The input
■ ■ ■
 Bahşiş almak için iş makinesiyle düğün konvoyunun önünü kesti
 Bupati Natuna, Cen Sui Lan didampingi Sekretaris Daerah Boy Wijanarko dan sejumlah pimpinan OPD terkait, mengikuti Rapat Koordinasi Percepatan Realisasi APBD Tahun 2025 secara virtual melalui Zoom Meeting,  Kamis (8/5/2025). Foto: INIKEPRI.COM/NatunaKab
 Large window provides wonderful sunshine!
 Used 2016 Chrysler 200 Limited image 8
■ ■ ■
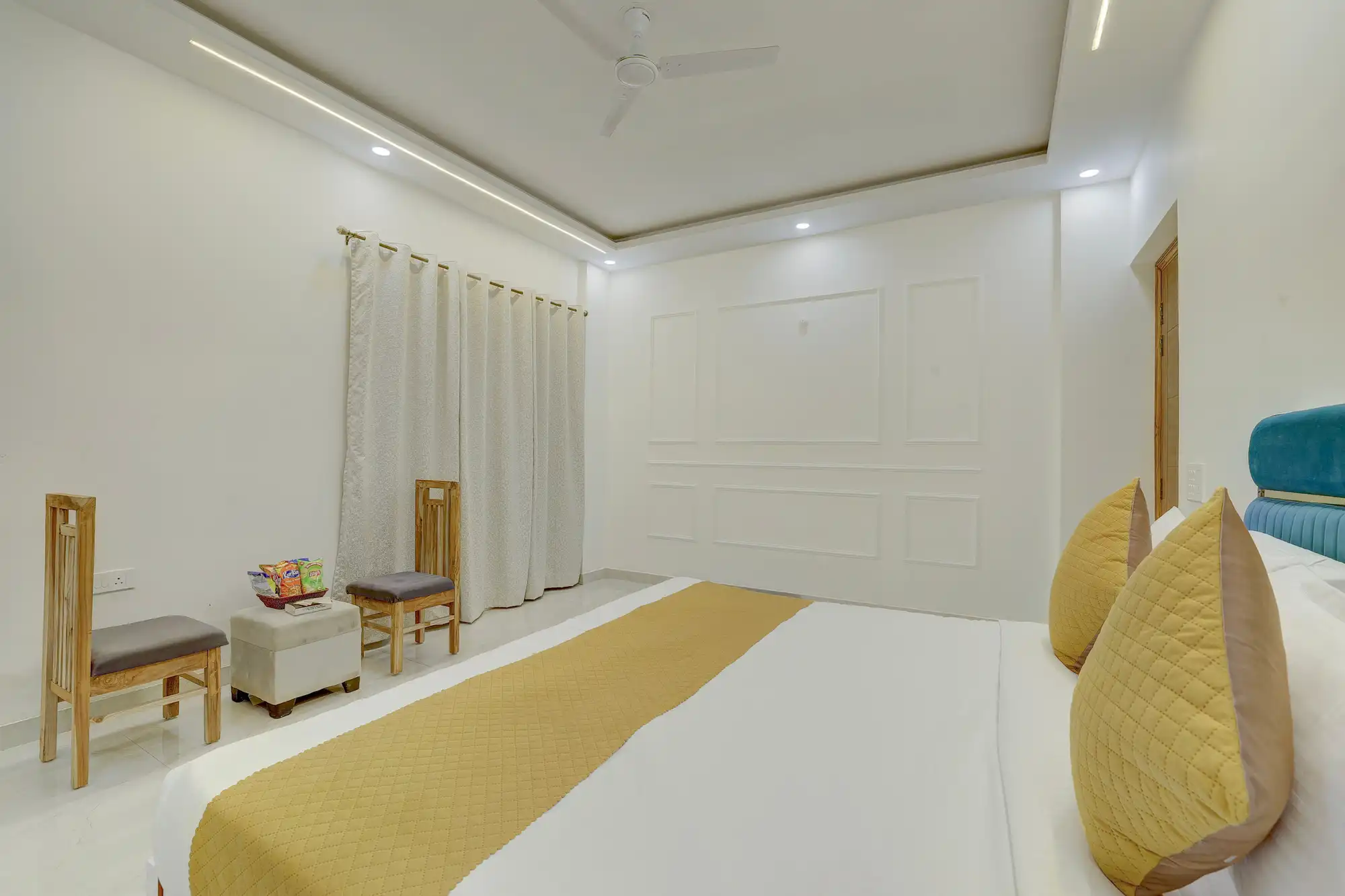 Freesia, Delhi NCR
■ ■ ■
Required action
Beginning with the line containing "Bupati Natuna, Cen" and ending with the line containing "Used 2016 Chrysler 200 Limited image 8", extract those lines exactly from the listing above, and only those.

Written response
 Bupati Natuna, Cen Sui Lan didampingi Sekretaris Daerah Boy Wijanarko dan sejumlah pimpinan OPD terkait, mengikuti Rapat Koordinasi Percepatan Realisasi APBD Tahun 2025 secara virtual melalui Zoom Meeting,  Kamis (8/5/2025). Foto: INIKEPRI.COM/NatunaKab
 Large window provides wonderful sunshine!
 Used 2016 Chrysler 200 Limited image 8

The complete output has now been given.